[Cubicweb] Multisource in CW

Nicolas Chauvat nicolas.chauvat at logilab.fr
Thu May 24 19:13:14 CEST 2012

On Thu, May 24, 2012 at 06:19:19PM +0200, Sylvain Thénault wrote:
> > 
> > The key point is that in order to use CW's "base ui framework" that
> > generates a large part of the UI, we need a datamodel/schema. Quick
> > joints and on-the-fly queries without previous knowledge of the schema
> > means that you have to code a lot by hand in the view that fetches
> > this external data.
> That's a basement question : should we consider that having to define
> a schema for the external source is a pb or not? CW without schema
> information doesn't sounds like CW anymore, so I hope the answer is no :)

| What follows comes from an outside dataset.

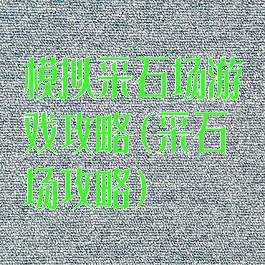 模拟采石场游戏攻略(采石场攻略)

Maybe we need to get back to the basics.

The semantic web is about:

1/ using URLs to JOIN records over distributed (web)sites

2/ having some kind of laxity/extensibility regarding the data
model/schema (think of browsers that ignore the HTML tags they do not
know about, but still show the rest of the page and try to apply that
to databases)

[...add your own...]

An early design decision for CW was that in order to usefully display
information, you need a developer that knows about it and writes the
code or you need a description of the data model and use a generic way
to display that information based on its generic description.

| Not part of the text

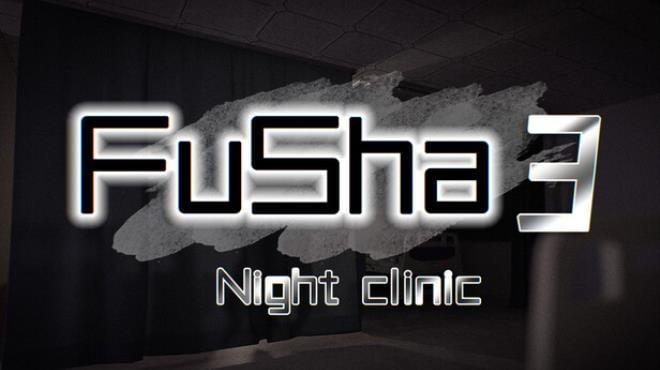 Fu Sha 3: Night Clinic Download Torrent [PC GAME]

We have several different use cases here:

1/ use a URL to link to remote entities that are not stored locally

2/ for performance's sake, do not duplicate large reference
databases/catalogs like dbpedia, geonames, databnf (if you have 4 apps
that want to use dbpedia data, you do not want to have 4 copies of the
data stored in your db cluster)

3/ figure out what to do regarding that data model
laxity/extensibility that everyone wants (I do not have an opinion yet)

> So I guess you're doing things for experimental purpose, since once you've
> a geoname CW instance, you can use regular pyrorql source right ?

Yes... but we would need the reference to the remote geonames instance
to be a URL like http://www.geonames.org/1234 and not the remote eid.

> > Allowing the query planner to mix and match CubicWeb, SPARQL and
> > JSONp... sounds interesting, but difficult.
> Writing SPARQL/JSONp source shouldn't be that hard.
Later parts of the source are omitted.